Feature Engineering in Machine Learning

Jan 2, 20222 min read

What happens when you have so many variables and wonder which ones to pick to build your machine learning model. How do you choose the features that will best work with your model and give you the results you need to see? That is what feature engineering is all about, I guess its also because of the name I find it fascinating, more like scientific terminology but this concept will help any data scientist maneuver through machine learning.

They are three things or ways to do basic feature engineering

Filter methods

Uses statistical techniques and selects features based on their distributions and the computation is very fast

Embedded methods

Wrapper methods

Things to look at in feature engineering

Percent of missing values
Amount of variation- drop variables with zero variation. Drop variables that have the same values all over the data
Pairwise correlation- if two features are highly correlated, drop one of them. You have to keep one that has a high correlation coefficient with your target. Features that have a low correlation with your target should be dropped.

Filter methods

We will use marketing data to illustrate every method.

marketing=pd.read_csv("DirectMarketing.csv")
marketing.head()

The filter method and all the other methods will be derived from the scikit learn library and the feature selection.

from sklearn.feature_selection import SelectKBest
from sklearn.feature_selection import f_regression
target=marketing['AmountSpent']
features=marketing[['Gender','Salary','Location','Catalogs', 'History','Married','Age','OwnHome','Children']]

select=SelectKBest(f_regression, k=5).fit(features,target)

k represents the number of features you want to be selected.

feature_mask=select.get_support()
feature_mask
output: array([False,  True, False,  True,  True,  True,  True, False, False])

Based on the features used, it gives a boolean answer to each feature. As you can see, the method gave me the five best features. Next is scoring each feature in relation to the target.

select.scores_
output:array([ 42.31907952, 956.69400352,  68.02824177, 287.08541076,        179.25655432, 292.17537961, 192.4564106 , 140.05632645,         51.88635174])

Wrapper method

It basically prunes the least important features at each step and we are going to use the linear regression model.

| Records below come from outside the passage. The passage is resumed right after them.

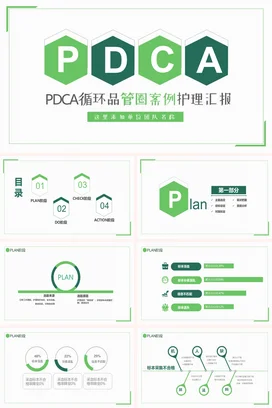 绿色极简小清新简约医院PDCA循环品管圈护理汇报项目汇报PPT模板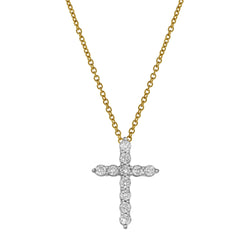 Sacred Cross Diamond Pendant in 10K Yellow Gold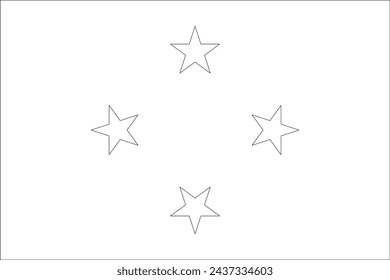 Federated States of Micronesia flag - thin black vector outline wireframe isolated on white background. Ready for colouring.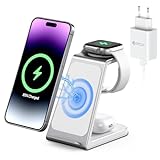 3 in 1 Wireless Charger,15W Ladestation Apple Watch und iPhone Inductive Kabelloses Ladegerät for iPhone 15 14 13 12 11 Pro Max/Mini/XS/XR/8 Samsung Huawei,Apple Watch Series AirPods Pro 3 (Weiß)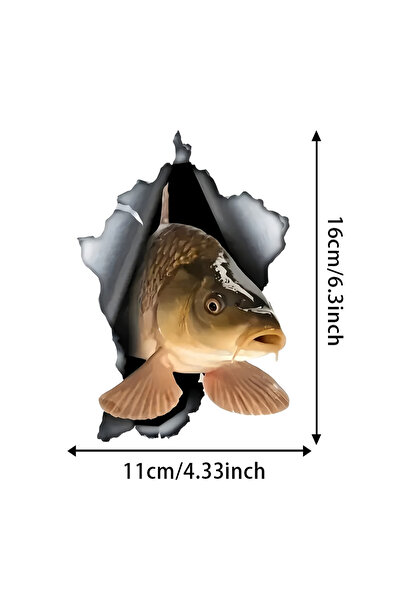 Choice ملصقات سمك الكارب DZ01-PVC مقاس 11×16 سم، ملصقات سيارات من الفينيل الم...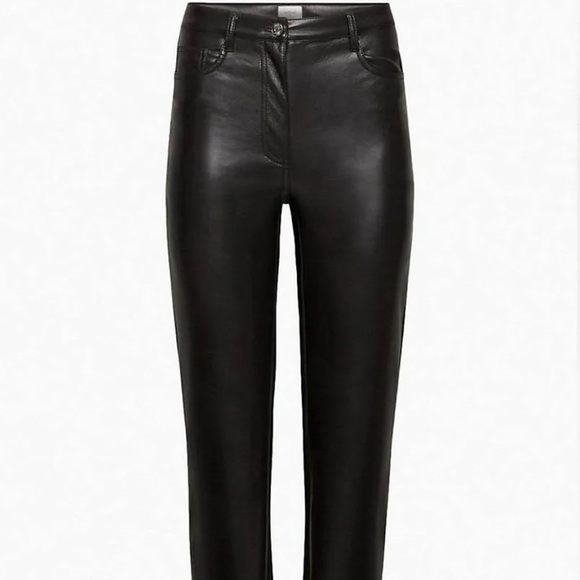 Aritzia Pants - Aritzia Black Faux Leather High-Rise Pants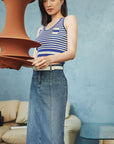 EP YAYING Split Cotton Midi Skirt EGIADJ301A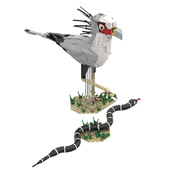 蛇鹫杀手皇后秘书鸟鹰猛禽动物模型MOC拼装 高砖零件 积木玩具
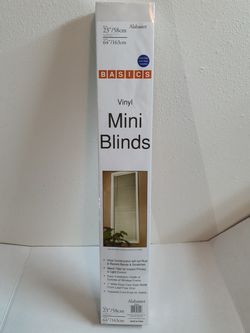 Basics Alabaster Vinyl mini Blinds, 23"(58cm)W×64"(163cm)L , New.. Condition is "New". Same Day Shipping,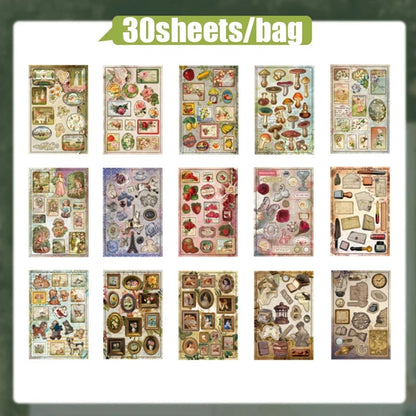 Vintage Sticker Book Collection | 30pcs Retro Amusement Park Tour Decals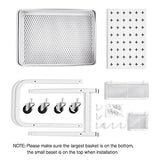 TOOLF 3-Tier Rolling Cart, Metal Utility Storage Cart with DIY Pegboards, Art Craft Trolley with Baskets Hooks, Organizer Serving Cart Easy Assemble TOOLF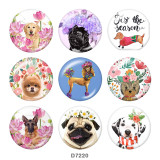 Painted metal 20mm snap buttons  Flower   Dog   Print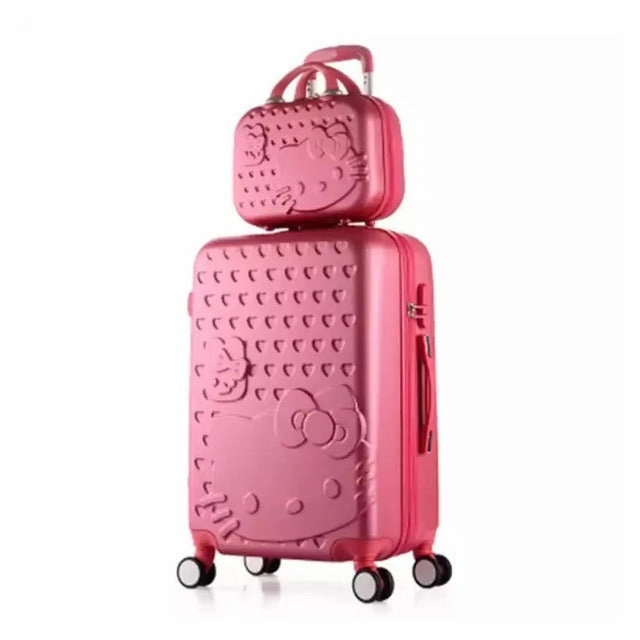 Girls Hello Kitty Suitcase Cute Luggage Set Series 20 24 Inch Child Trolley Suitcase Travel Bag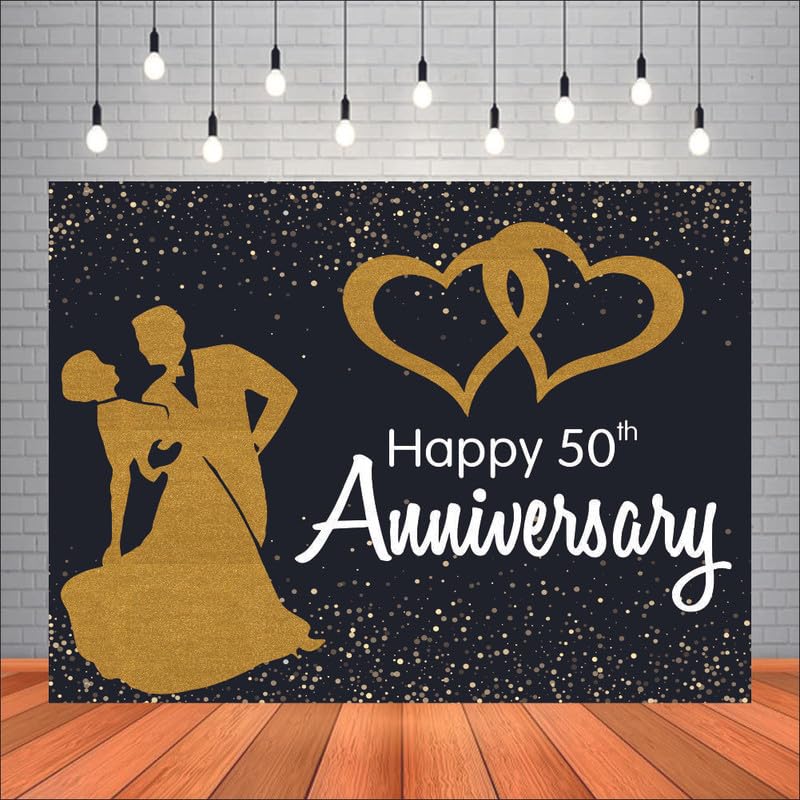 Party Baazaar Happy 50th Anniversary Backdrop | Wedding Anniversary Decorations Item | Love Theme Decoration (Pack of 1, Multi Color, 5x4 Feet) - Image 1
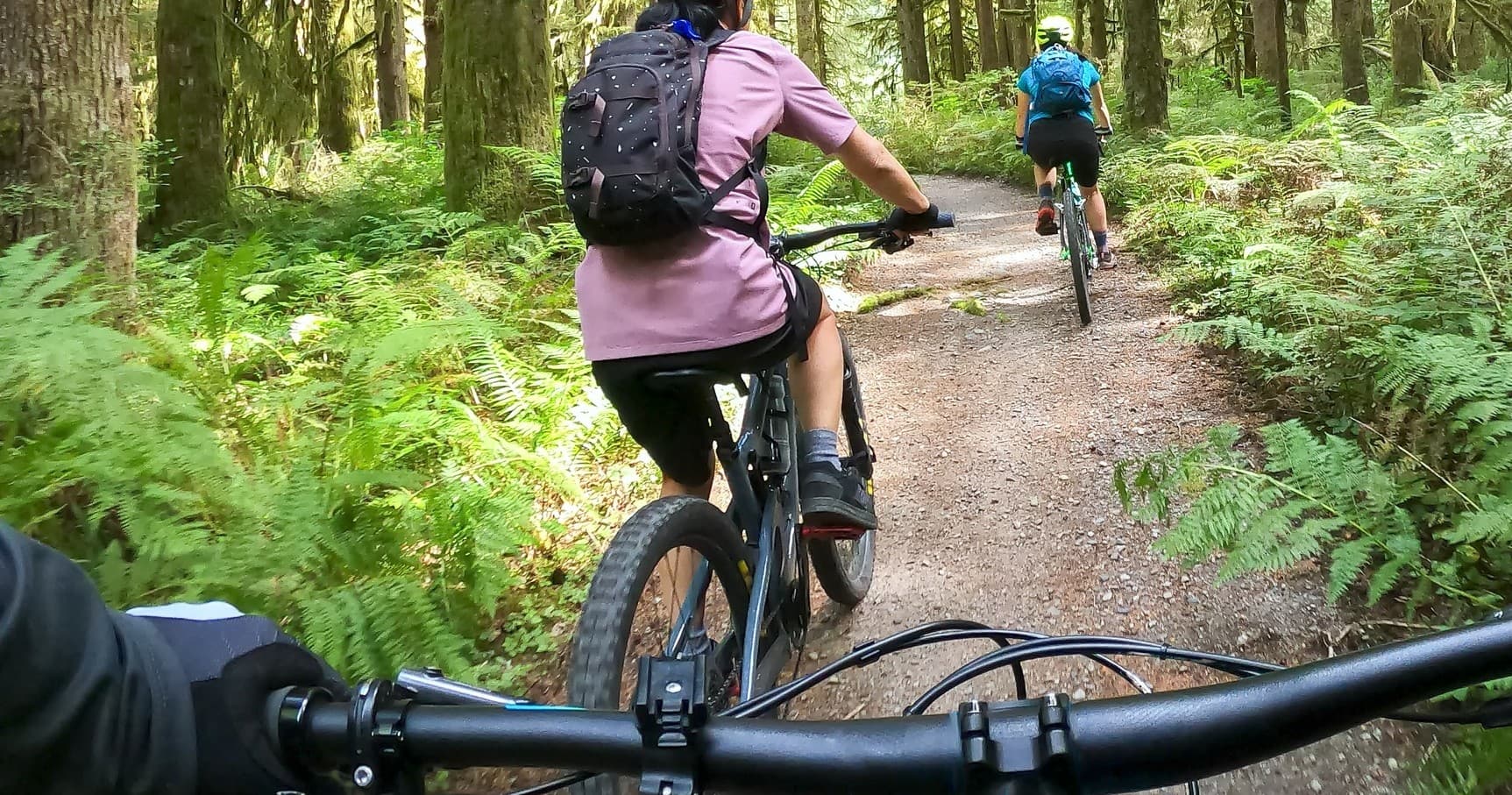 Mountain bikers riding forest trail in Hocking Hills, Ohio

from sklearn.feature_selection import RFE
from sklearn.linear_model import LinearRegression
rfe=RFE(estimator=LinearRegression(),n_features_to_select=5,step =1)

For every step, 1 feature is being removed.

rfe.fit(features,target)
rfe_features=rfe.get_support()
rfe_features
output:array([ True, False,  True, False,  True,  True, False,  True, False])

Embedded methods

from sklearn.linear_model import Lasso

lasso=Lasso(alpha=1.0)
lasso.fit(features,target)
lasso.coef_
output: array([-4.16026963e+01,  2.04634320e-02,  4.61984160e+02,  4.15600344e+01,        -1.40455444e+02,  3.37562553e+01,  1.90878380e+01, -4.38257583e+01,        -1.91262978e+02])

Bonus

You can also visualize and see the correlations between the target and the features using Pearson and spearsman correlations. The library used is called FeatureCorrelation from YellowBrick.

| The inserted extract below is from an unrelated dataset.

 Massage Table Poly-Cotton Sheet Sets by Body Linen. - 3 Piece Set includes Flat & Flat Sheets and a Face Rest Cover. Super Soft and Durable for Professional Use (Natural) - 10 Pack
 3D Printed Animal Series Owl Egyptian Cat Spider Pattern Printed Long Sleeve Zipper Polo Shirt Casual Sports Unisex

from yellowbrick.target import FeatureCorrelation
visualize=FeatureCorrelation(labels=features.columns,method='pearson')
visualize.fit(features,target)
visualize.poof() #mode of display

We can deduce that the Salary has the highest correlation with our target. There are also other advanced methods of feature engineering but this is a way to get started in this topic especially for beginners.

datainsightonline.com

Data Scientist Program

Free Online Data Science Training for Complete Beginners.

No prior coding knowledge required!

Feature Engineering in Machine Learning

Things to look at in feature engineering

Filter methods

Wrapper method

Embedded methods

Bonus

Recent Posts

Comments

40 Python Projects with Source Code for Beginners

How to Read Medium Premium Articles for Free

How to use Sqlite3 using Python

Data Visualization - which types of graphs should we use?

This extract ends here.